Board of Investment Chairman/Director General Jayampathi Bandaranayake has sent the following letter:
“I write with reference to the article titled “BOI applications not processed,” which appeared in The Business Times last week. There are however some factual errors in your article which can create misleading perceptions and this response is to alert you to them.
I am also concerned that an unfavorable impression of this institution may be created in the minds of particularly the foreign investors as a result of such articles. This can potentially be detrimental to national interests as the BOI is charged with an important and economically vital role of facilitating investments, particularly Foreign Direct Investments to the country.
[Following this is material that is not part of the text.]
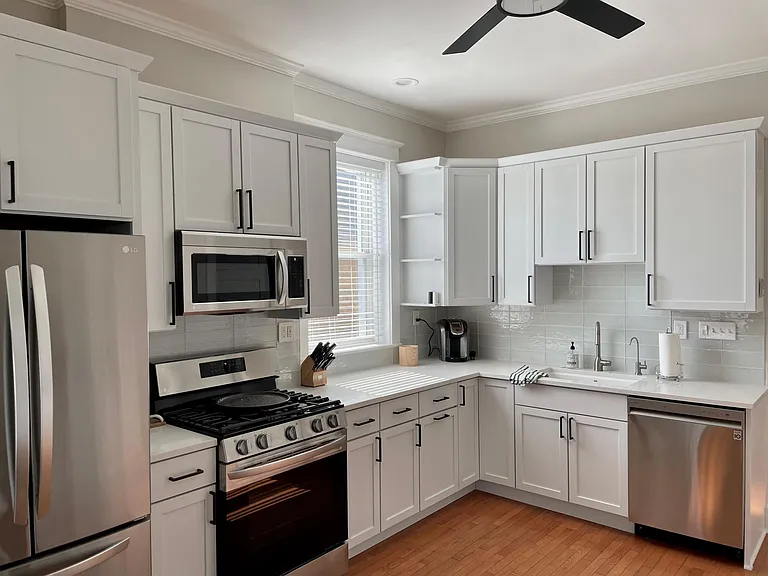 1644 W Farragut Ave #2 — Photo 2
You may also be aware that the total FDI received by the country over the last 5 years was $ 3,344 million averaging $ 667 million per annum. This comparatively low level of investments was obviously influenced by the unsettled conditions that prevailed in this country over this same period. The task of the BOI is now to facilitate substantially higher levels of investment commencing from this year. The country is well on its way to realize investments well in excess of $1000 million commencing from 2011.
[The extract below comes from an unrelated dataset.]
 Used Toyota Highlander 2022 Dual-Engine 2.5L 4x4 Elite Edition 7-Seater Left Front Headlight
This achievement is not due to any special efficiency improvement of the BOI but can only be explained on account of the settled investment environment of the country. The challenge for the BOI therefore is to improve its operational capabilities to facilitate flows of investments of a much higher order than had been the case. The BOI targets are aimed to facilitate FDIs amounting to 5 % of GDP in a relatively short period of 3 to 4 years where annually figures would be around 2 to 3 billion US dollars.
It is against this background that organizational changes have been introduced and which was the subject of a press release by the BOI and carried by your newspaper recently. I repeat that the changes are ongoing and are being progressed to the satisfaction of the Board of the BOI. These changes are being done in full consultation and with the consent of the vast majority of the staff of the BOI who accept that substantial process changes are vital for them to contribute effectively.
Your article is particularly unfortunate as it is misleading and an incorrect portrayal of reality. Your newspaper stated as follows:
1. “ Amidst all the restructuring chaos at the country’s premier investment promotion agency, the Board of Investment (BOI), new investment applications have not been processed for more than two months,” according to BOI staff.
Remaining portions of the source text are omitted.